Standardization is a critical component in many industries, including the energy sector. It establishes guidelines and minimum criteria for quality, safety, and design, and is essential for facilitating foreign trade and boosting the competitiveness of companies, countries, and entire regions. While many STEM professionals are familiar with standardization, those outside of these fields may not be aware of its importance and impact.

I continued my career path and began to work at the Mexican Energy Regulatory Commission, where I developed professionally and specialized in electricity regulation. Eventually, I found myself in an area that I never imagined: the unit dedicated to developing Mexican standards in the field of electricity. After just a few weeks in this fascinating world, I began to ask myself what I could bring to the table and how I could contribute to standardization when I was surrounded by electrical engineers, and I had studied international relations.

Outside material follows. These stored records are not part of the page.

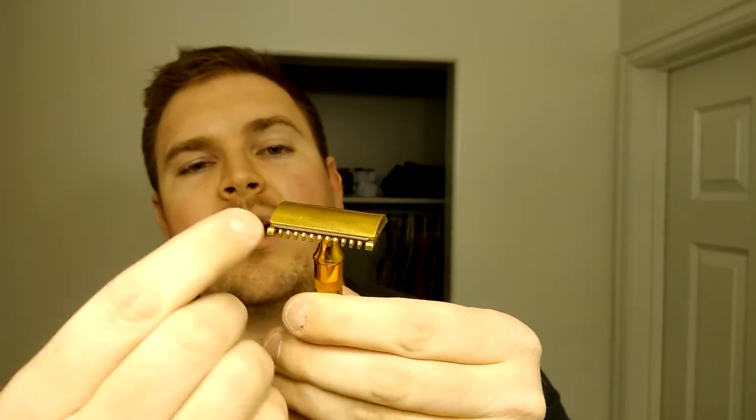Any safety razor is going to have some kind of bar here, or comb, to keep the blade from going directly at your skin. The benefit of that is you're not going to cut yourself very badly. With the open comb here, that's generally for people who have very thick beards — the hairs and the lather can go in between those little combs and you get better access to the hair. This would be considered a more aggressive razor because it can get to the hair a lot faster. Some people think they might be a little harsher on your skin, though I haven't seen that myself.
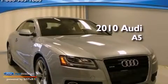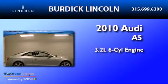This is a 2010 Audi A5. It has a 3.2-liter, six-cylinder engine, an automatic transmission, and all-wheel drive.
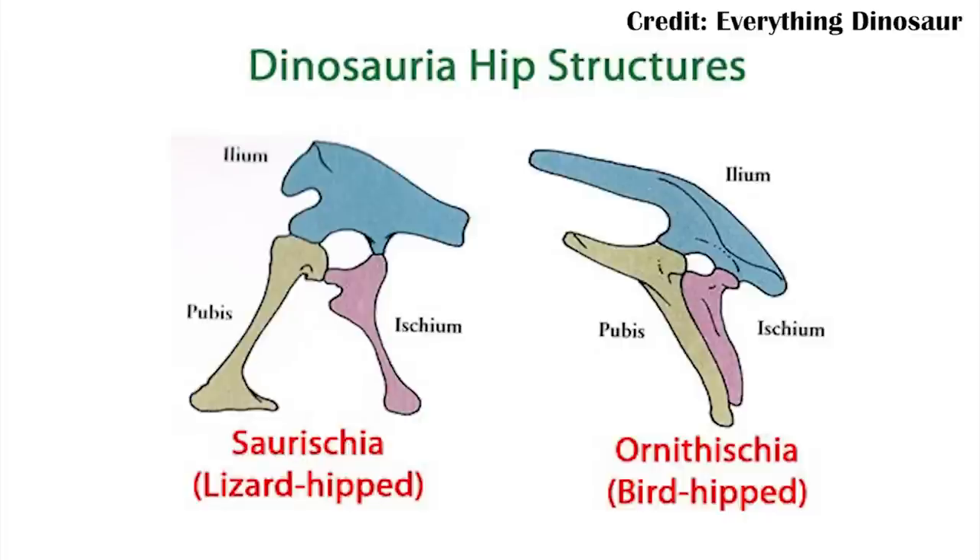That's why theropods and sauropods are Saurischians — their pubis goes forward more like a lizard's, so 'lizard-hip.' Unfortunately, while the fossils of Pantidraco are pretty articulated, meaning most of the bones are in the right place, one of the bones that isn't in the right place is the pubis. We don't actually know where the pubis pointed because it eroded away entirely, so there's no hip structure to tell us just based on that which of these two groups it belongs to.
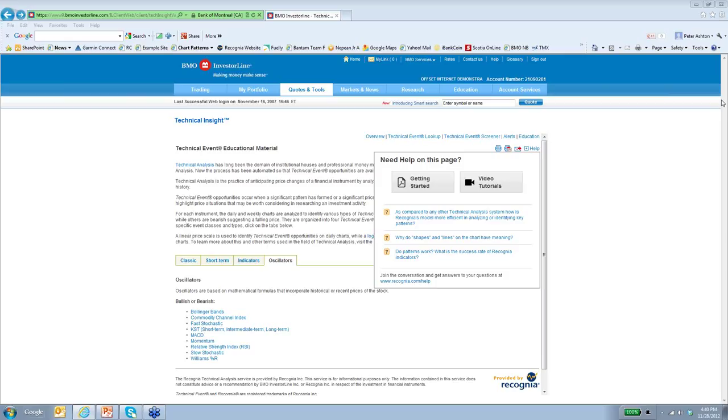Regarding alerts — can we configure to receive only certain types of events, like a certain type of pattern? Absolutely. The alerts are completely flexible. Just like in the technical event screener, you can say what kind of events you want to receive — whether you're interested in just classic patterns, just short-term patterns, or just indicators and oscillators. That's all fully configurable as part of the alerts functionality. We have one more question: is it combined in one email or separate emails per stock? That would be sent in one email — we aggregate all the alerts for a given user and send it to you in one email in the middle of the night. We are running out of time, so we will get back to remaining questions via email. Thank you very much for joining us, and thank you Peter and Chris. Everybody have a good evening.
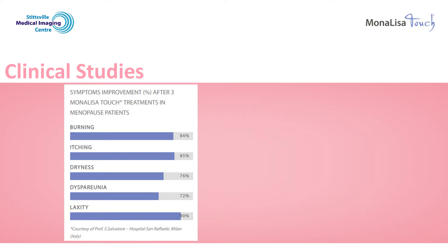Here are the results from two different studies. The table on the left shows the results from a group of menopausal women. After three treatments with the Mona Lisa Touch, 84% of women described a decrease in vulvar burning, 85% described a decrease in vulvar itching, 76% described improved dryness of the vulva and vagina, 72% had reduced pain with intercourse, and 90% noticed their vagina had more normal tone.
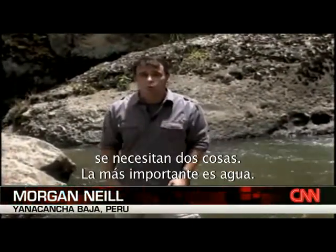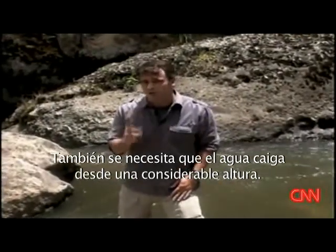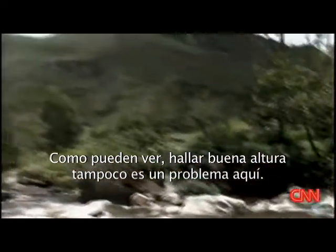Now to make a micro-hydro station work, you need two things. First, you need the water — as you can see, there's plenty of water around here. Second, that water has to fall from a pretty good height. You can see, just looking over there, not a problem finding good heights around here.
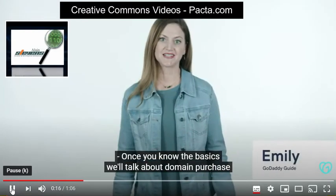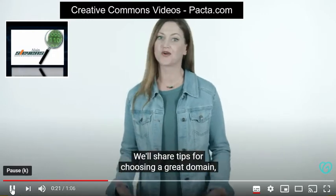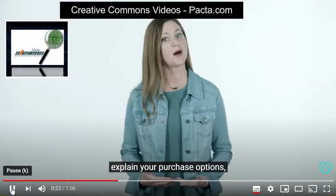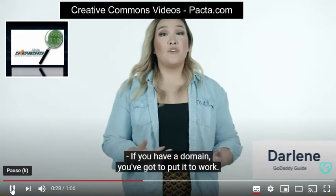Once you know the basics, we'll talk about domain purchase and registration at GoDaddy. We'll share tips for choosing a great domain, explain your purchase options, and even show you what you can do if your dream domain is already taken.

It was there that I encountered fundamental concepts for any professional who wants to participate in the field of standardization: negotiation, consensus building and technical barriers to trade. The latter resonated particularly with me, because standards seek to establish guidelines and minimum criteria for quality, safety, and design (among many other things) that must not only achieve technical objectives but also help facilitate foreign trade and boost the competitiveness of companies as well as countries and entire regions. It was this concept that helped me realize I could contribute my skills to standardization by generating information and documents to point out the benefits and opportunities that Mexico gains by participating in the development of international standards.

Consensus building (along with negotiating) is one of the biggest challenges that emerging professionals–and experienced ones as well—working with standards or in standards development can face. My opportunity to gain experience in consensus building and apply these skills came in 2020, when I participated in the Mexican Program for Young Professionals of the Mexican Electrotechnical Committee. This was a highly enriching experience, where I had the opportunity to talk with leaders and experts in standardization in areas as diverse as energy efficiency and telecommunications.

Thanks to this program, I was able to represent Mexico as a young professional in an IEC General Assembly in Dubai where, along with brilliant and young colleagues, I experienced firsthand the challenges of building consensus and negotiating to develop a standard. There I verified that my analysis, communication, and leadership skills can make an important contribution in a highly specialized and technical world that, in the end, has the objective of benefiting the entire population.

This has been, until now, my professional path in standardization. My experiences and lessons lead me to say with certainty that I would encourage professionals outside the STEM fields to learn and develop their skills in the world of national and international standardization.